Com a queda nos preços, os produtores enfrentam um ambiente de risco que pode comprometer investimentos essenciais nos canaviais. Em vários municípios do interior paulista, especialmente na região de Assis e cidades vizinhas, agricultores já avaliam o impacto da baixa rentabilidade sobre os custos de manejo.

A renovação dos canaviais — processo fundamental para garantir produtividade — pode ser reduzida. Em alguns casos, produtores começam a considerar ajustes na área total plantada, especialmente para o ciclo 2026/27. O risco é que essa retração acabe refletindo na produção projetada para 2027/28, que tende a ser impactada se a atual situação de mercado persistir.

Há cerca de três anos, muitos agricultores que cultivavam grãos migraram parcial ou totalmente para a cana, atraídos pelos preços elevados do açúcar e pela maior estabilidade da cultura. Agora, esse movimento pode ser revertido. Porém, mesmo culturas como a soja enfrentam preços menos favoráveis na região, tornando a tomada de decisão ainda mais complexa.

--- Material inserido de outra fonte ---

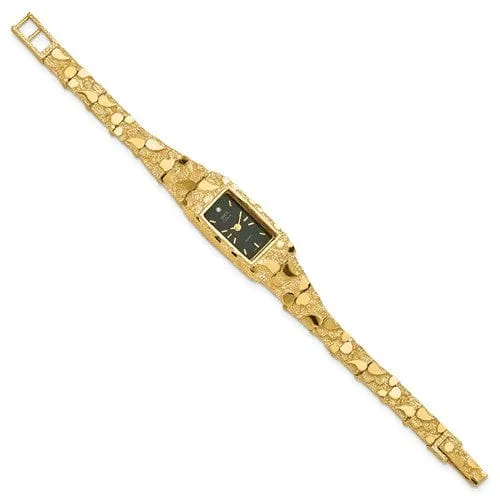 14k Yellow Gold Ladies Rectangular Nugget Watch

Mix de produção recua no Centro-Sul

O ambiente desafiador também afeta a distribuição da matéria-prima entre açúcar e etanol. Dados divulgados pela UNICA (União da Indústria de Cana-de-Açúcar) mostram que o mix de açúcar nas usinas do Centro-Sul caiu de 55% em agosto para 46% na última semana.

Essa redução representa uma leve migração da moagem para o etanol. Contudo, essa mudança não tem se traduzido em melhora significativa nas margens do setor, em função da crescente participação do etanol de milho no mercado brasileiro.

Avanço do etanol de milho altera dinâmica do setor

Nos últimos anos, o Brasil registrou forte expansão na produção de etanol de milho, especialmente no Centro-Oeste. A entrada desse novo protagonista no mercado ampliou a oferta do biocombustível e reduziu a dependência do etanol produzido a partir da cana.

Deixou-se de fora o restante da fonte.